The Technical Details: The Bomb Spike
Nuclear Testing and Its Own Fingerprint
Beginning in the 1940s, the United States and other countries began atmospheric nuclear weapons testing. This produced many unusual isotopes in the atmosphere, and 14C was one of them. At first, in the 1950s only a few tests were done, but as more, and larger tests were done, scientists realized how dangerous this was. This caused the nuclear powers to sign a Nuclear Test Ban Treaty, which went into effect in October 1963.
The graph below shows how the amount of 14C rapidly increased in the atmosphere–can you pick out series of nuclear tests in the late 1950s? The last tests were just before the treaty went into effect in late 1963, when the highest 14C levels are seen. The decrease since then is not due to radioactive decay, but mostly due to the exchange of CO2 (containing the high levels of 14C) with the ocean, as well as with land biota. Scientists use this graph to help understand how quickly atmospheric CO2 flows in and out of the oceans and terrestrial ecosystems.

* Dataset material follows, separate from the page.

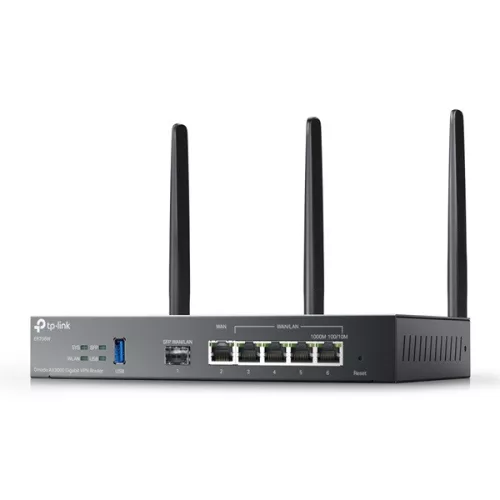 TP-LINK OMADA Vezetékes AX3000 VPN Router 1xWAN(1000Mbps) + 4xLAN(1000Mbps) + 1xSFP + 1xUSB3.0, ER706W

The 14C levels in the Northern and Southern Hemispheres. Nuclear testing resulted in the large “spikes” in the early 1960s.
The Southern Hemisphere measurements, from Baring Head, just near Wellington, New Zealand, look quite different to the measurements from the Northern Hemisphere. The peak of the “bomb spike” is much lower–and it occurs later. This is because the atmospheric nuclear weapons tests were done in the Northern Hemisphere, and the biggest ones were done in the Russian Arctic. It takes about a year for air to mix from the Northern Hemisphere into the Southern Hemisphere, so the peak occurs about a year later in the south, and it is smaller, because, during that year, some of the 14C had already been absorbed into the oceans.
By the 1980s, most of the “bomb” 14C had been absorbed into the oceans and land biota, leaving slightly elevated levels in the atmosphere. Yet atmospheric 14C levels continue to decrease–now because of fossil fuel CO2 emissions.